Work request:
Give the number of lines in the material below that contain the word "Brown". No other content is needed.

++++

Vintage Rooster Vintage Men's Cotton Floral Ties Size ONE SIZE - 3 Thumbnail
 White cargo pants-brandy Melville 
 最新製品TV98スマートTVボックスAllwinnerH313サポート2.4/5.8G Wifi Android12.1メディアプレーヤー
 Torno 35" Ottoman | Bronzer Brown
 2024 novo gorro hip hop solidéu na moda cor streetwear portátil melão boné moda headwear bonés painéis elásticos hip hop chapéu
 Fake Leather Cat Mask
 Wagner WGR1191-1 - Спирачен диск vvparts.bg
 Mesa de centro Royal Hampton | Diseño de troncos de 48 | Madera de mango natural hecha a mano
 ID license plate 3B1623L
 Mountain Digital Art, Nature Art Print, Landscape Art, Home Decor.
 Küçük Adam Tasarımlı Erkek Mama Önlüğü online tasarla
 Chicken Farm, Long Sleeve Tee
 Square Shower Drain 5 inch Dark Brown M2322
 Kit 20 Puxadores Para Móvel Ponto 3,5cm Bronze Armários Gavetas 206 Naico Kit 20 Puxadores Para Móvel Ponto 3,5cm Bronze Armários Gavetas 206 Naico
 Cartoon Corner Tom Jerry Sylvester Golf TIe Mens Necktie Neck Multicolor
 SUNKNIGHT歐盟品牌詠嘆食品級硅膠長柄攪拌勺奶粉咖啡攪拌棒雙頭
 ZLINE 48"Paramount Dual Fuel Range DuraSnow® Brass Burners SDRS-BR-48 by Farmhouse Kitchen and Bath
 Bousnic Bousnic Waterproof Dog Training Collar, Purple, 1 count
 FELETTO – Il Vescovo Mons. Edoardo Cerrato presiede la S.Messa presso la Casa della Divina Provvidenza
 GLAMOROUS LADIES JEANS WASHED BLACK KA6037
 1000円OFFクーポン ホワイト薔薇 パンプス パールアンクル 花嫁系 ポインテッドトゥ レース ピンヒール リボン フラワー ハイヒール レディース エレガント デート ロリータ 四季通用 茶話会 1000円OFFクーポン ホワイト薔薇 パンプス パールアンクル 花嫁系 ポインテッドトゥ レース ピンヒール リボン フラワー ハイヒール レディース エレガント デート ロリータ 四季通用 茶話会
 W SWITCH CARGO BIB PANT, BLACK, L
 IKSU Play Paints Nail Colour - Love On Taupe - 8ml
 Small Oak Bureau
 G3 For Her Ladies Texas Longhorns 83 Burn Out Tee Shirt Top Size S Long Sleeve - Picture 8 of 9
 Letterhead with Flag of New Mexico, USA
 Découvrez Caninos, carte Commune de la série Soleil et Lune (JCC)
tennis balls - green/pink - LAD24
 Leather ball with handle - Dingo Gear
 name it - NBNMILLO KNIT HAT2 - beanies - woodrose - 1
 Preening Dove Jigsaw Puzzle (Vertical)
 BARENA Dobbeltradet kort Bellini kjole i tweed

++++

Task answer:
2